===== Source material =====
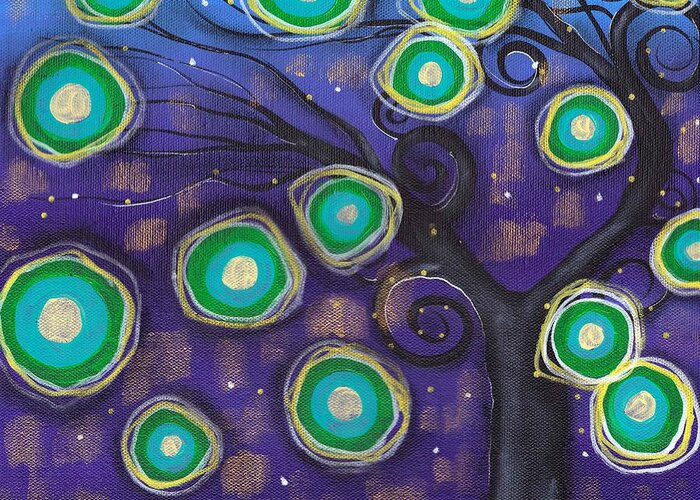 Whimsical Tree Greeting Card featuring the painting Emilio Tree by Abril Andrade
=====
===== Source material =====
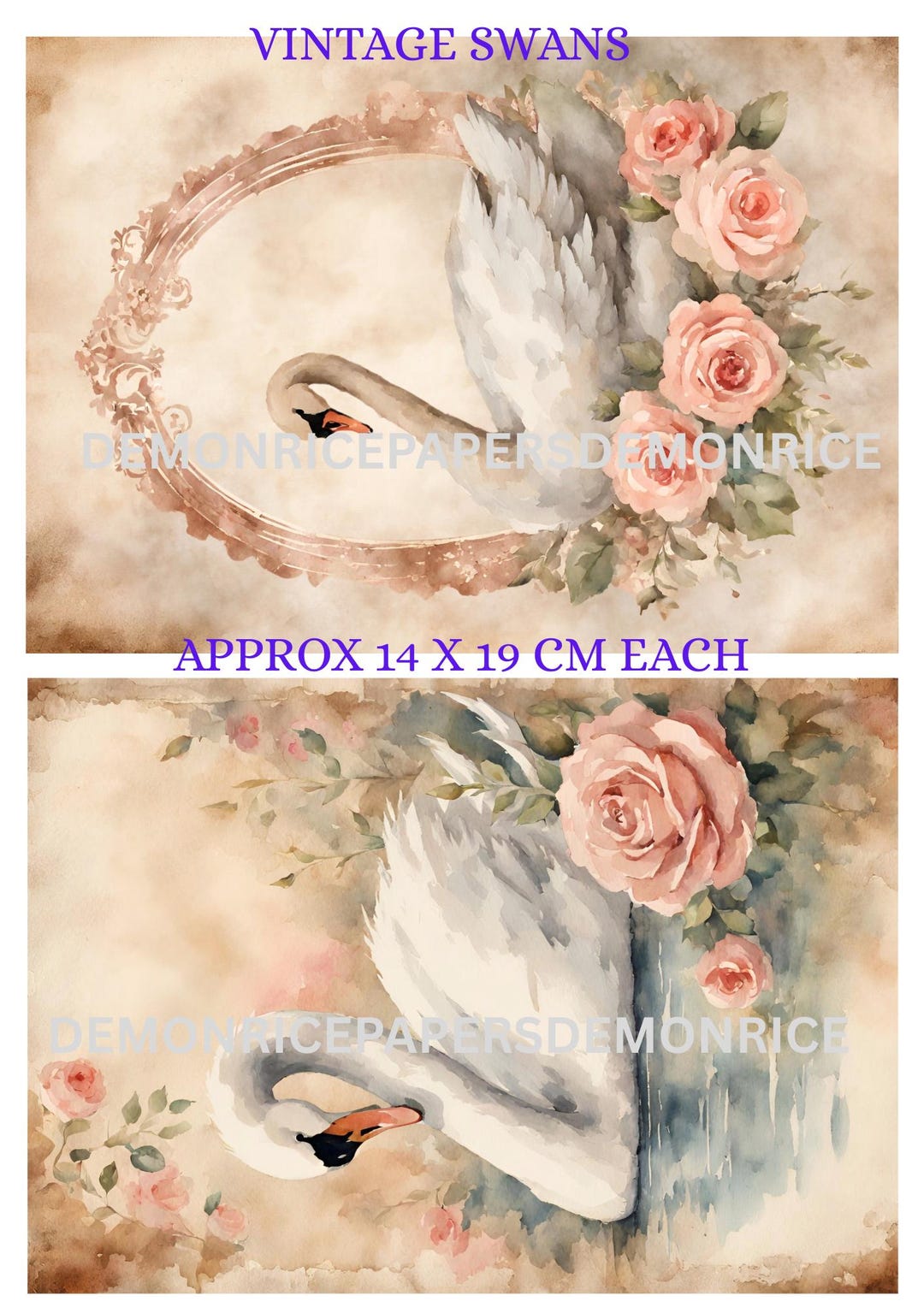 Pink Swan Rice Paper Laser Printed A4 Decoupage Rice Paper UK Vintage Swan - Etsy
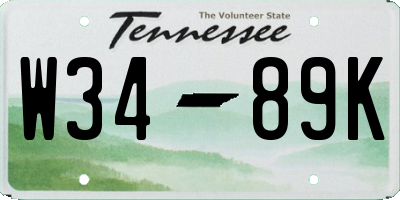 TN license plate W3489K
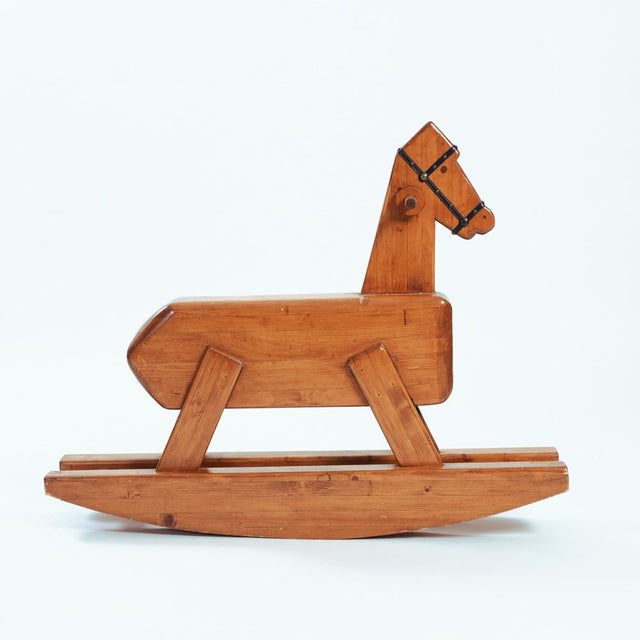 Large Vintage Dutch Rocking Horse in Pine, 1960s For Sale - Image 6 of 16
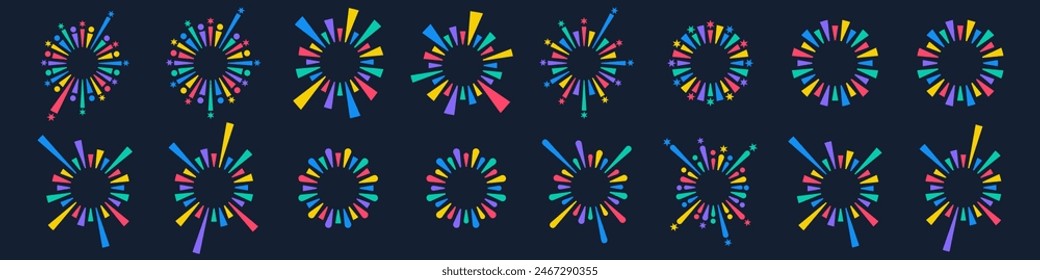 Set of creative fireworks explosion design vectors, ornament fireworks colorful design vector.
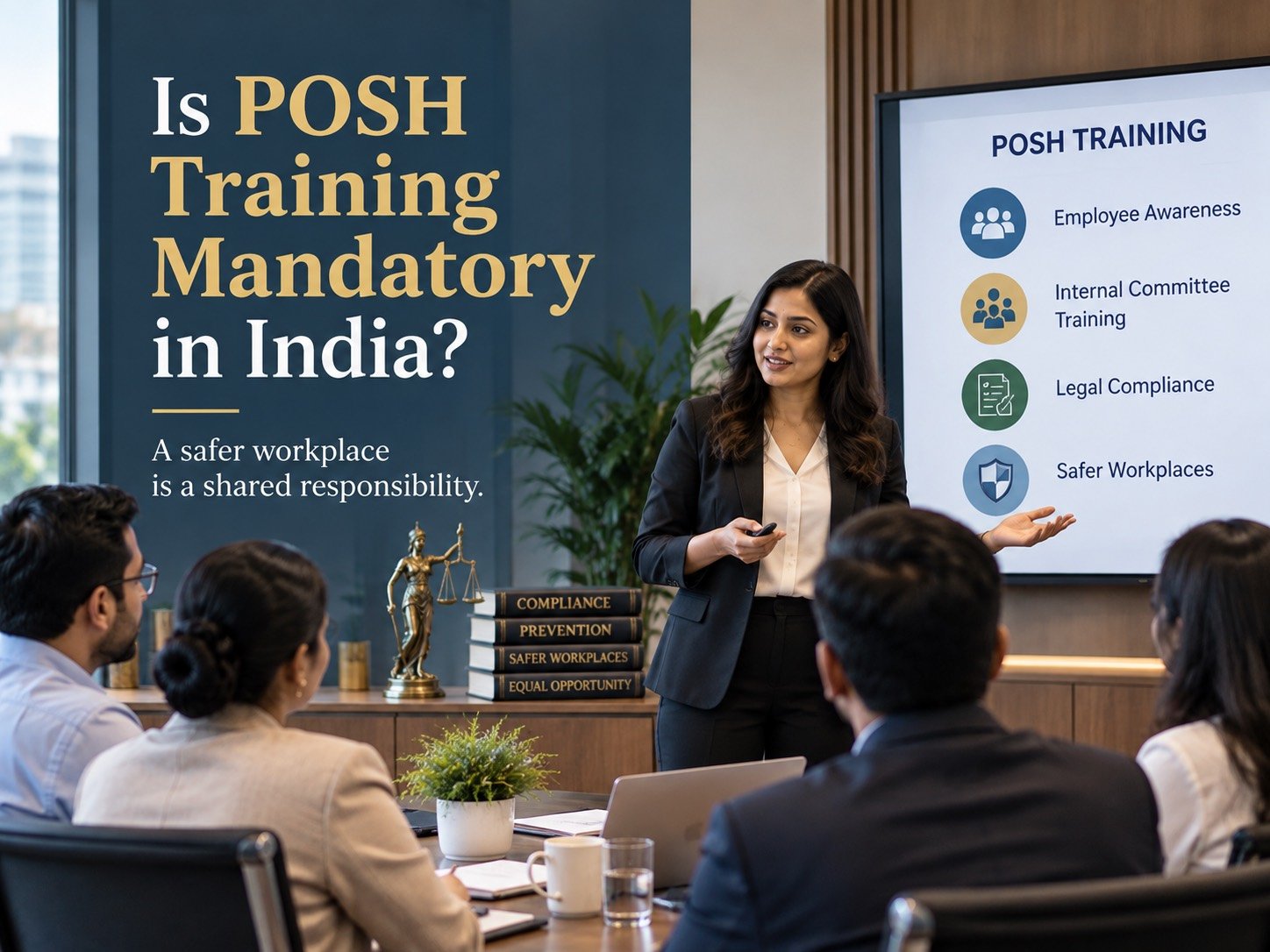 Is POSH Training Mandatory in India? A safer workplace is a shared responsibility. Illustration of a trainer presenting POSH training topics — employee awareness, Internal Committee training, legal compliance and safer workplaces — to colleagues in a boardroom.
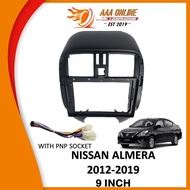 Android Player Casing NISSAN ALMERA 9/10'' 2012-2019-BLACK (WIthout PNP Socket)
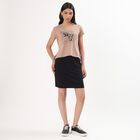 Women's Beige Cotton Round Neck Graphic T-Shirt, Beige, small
=====
===== Source material =====
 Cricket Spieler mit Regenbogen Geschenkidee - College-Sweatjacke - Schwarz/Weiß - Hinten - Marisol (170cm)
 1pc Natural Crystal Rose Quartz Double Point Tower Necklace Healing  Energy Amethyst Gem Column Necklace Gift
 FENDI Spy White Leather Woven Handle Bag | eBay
=====
* **Try it**
Leave the pictures out. Output, exactly, the lines of the material above starting at the line containing "TN license plate W3489K" and ending at the line containing "Set of creative".

* **Solved problem**
 TN license plate W3489K
 Large Vintage Dutch Rocking Horse in Pine, 1960s For Sale - Image 6 of 16
 Set of creative fireworks explosion design vectors, ornament fireworks colorful design vector.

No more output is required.